Hello All I am not clear on how to convert a negative number to binary. I used the toBinary method in wrapper class to make some sense but its not clear. Binary for 1 = 0001 whats binary for -1 ? Binary for 2 = 0010 whats binary for -2 ?
Should I just reverse it...so -1 will be 1110 and -2 will be 1101. I am not clear. Please advice Thank you
if you would just invert it, you would have two representations for zero (0000 and 1111)... so they came up with the solution not to represent "-0", and shift all negative values up by one, so after inversion, simply do a binary "add 1", so that the (otherwise wasted) 1111 represents -1, and 1110 is -2 instead of -1 etc.
this also explains why the range of values is unsymmetric (eg. a byte is from -2^8 to 2^8-1)
Notice how the 4th bit is never used, because it represents the sign, in this case 0 means positive. Notice also that because we cannot use the last bit, this 4-bit integer cannot reach the number 8. So this number limits are, in the positive side, 2^3-1.

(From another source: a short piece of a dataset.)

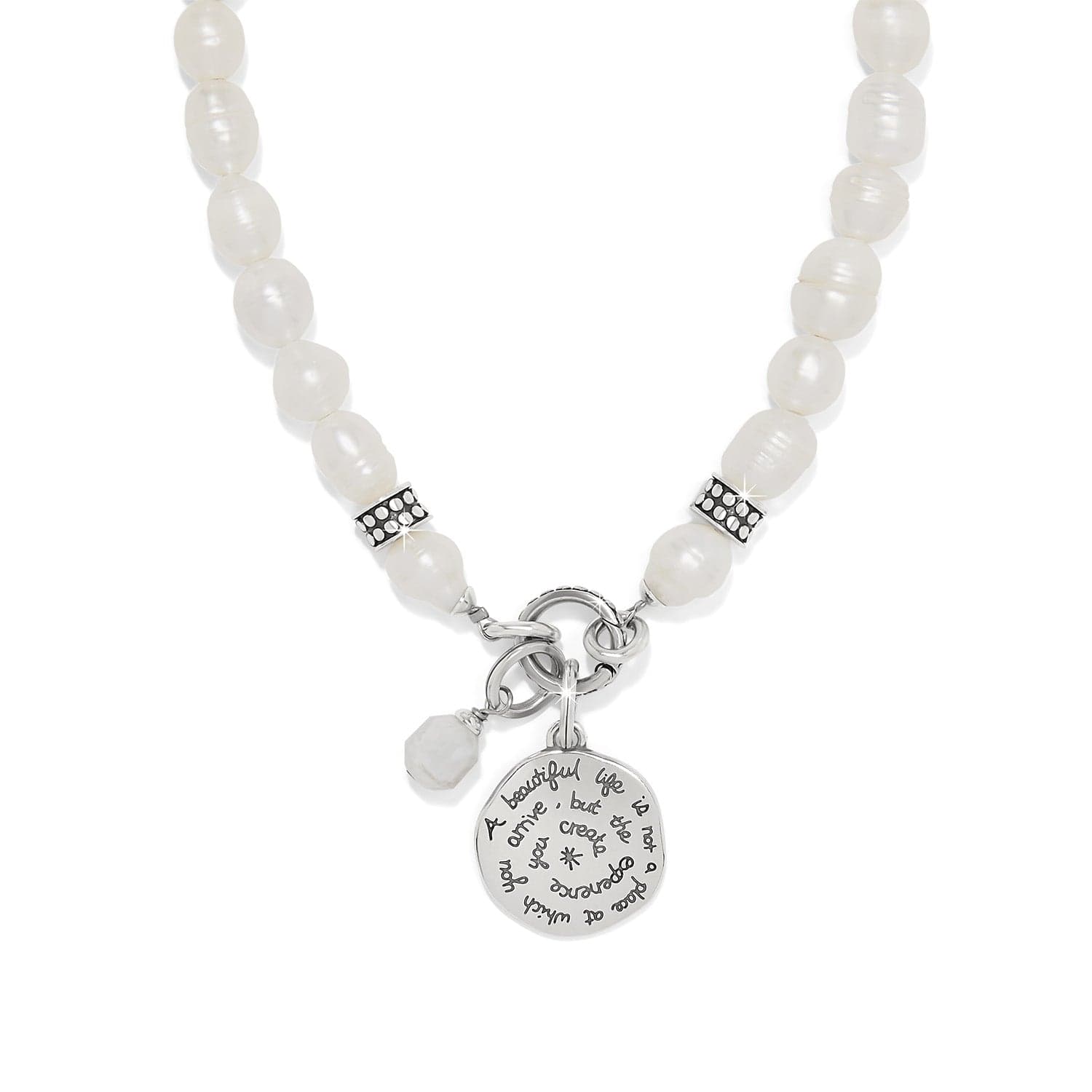 Token Charm Pearl Necklace - Image 2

Let's see the negative side:
Now, remeber that to convert a binary number to negative, you simple invert the bits and add 1, that's to say ~x+1 is the negative value of x. In other words: x == | ~x+1 | is true.
For instance, let's convert 5 (0101) to a negative number. I will not take into account the sign. Let's say x=5
~101 //invert bits (~x) ----- =010 //partial result +001 //add 1 (~x+1) ----- =011 //partial result
The negative number is 1011 with the first bit turned on, because this is a negative number.
Notice how in this case, the negative numbers take adventage of their additional bit, and that is why negative numbers are always one number greater thant the positive ones. The limits of the negative numbers are, in this case: 2^3. In the positive side we could not express the number 8, because we were a bit short.
Play a bit with the Integer.toBinaryString() and you will see. Of course, in that case you would be playing with 32-bin-signed integers.
A shortcut method for finding the negative no of a binary is
"Starting from the right i.e LSB (Least Significant Bit) you find the first one bit. From LSB till the first 1 bit, including the 1 bit keep all the bits as it is and after the 1 bit interchange all other bit 1s to 0s and 0s to 1s"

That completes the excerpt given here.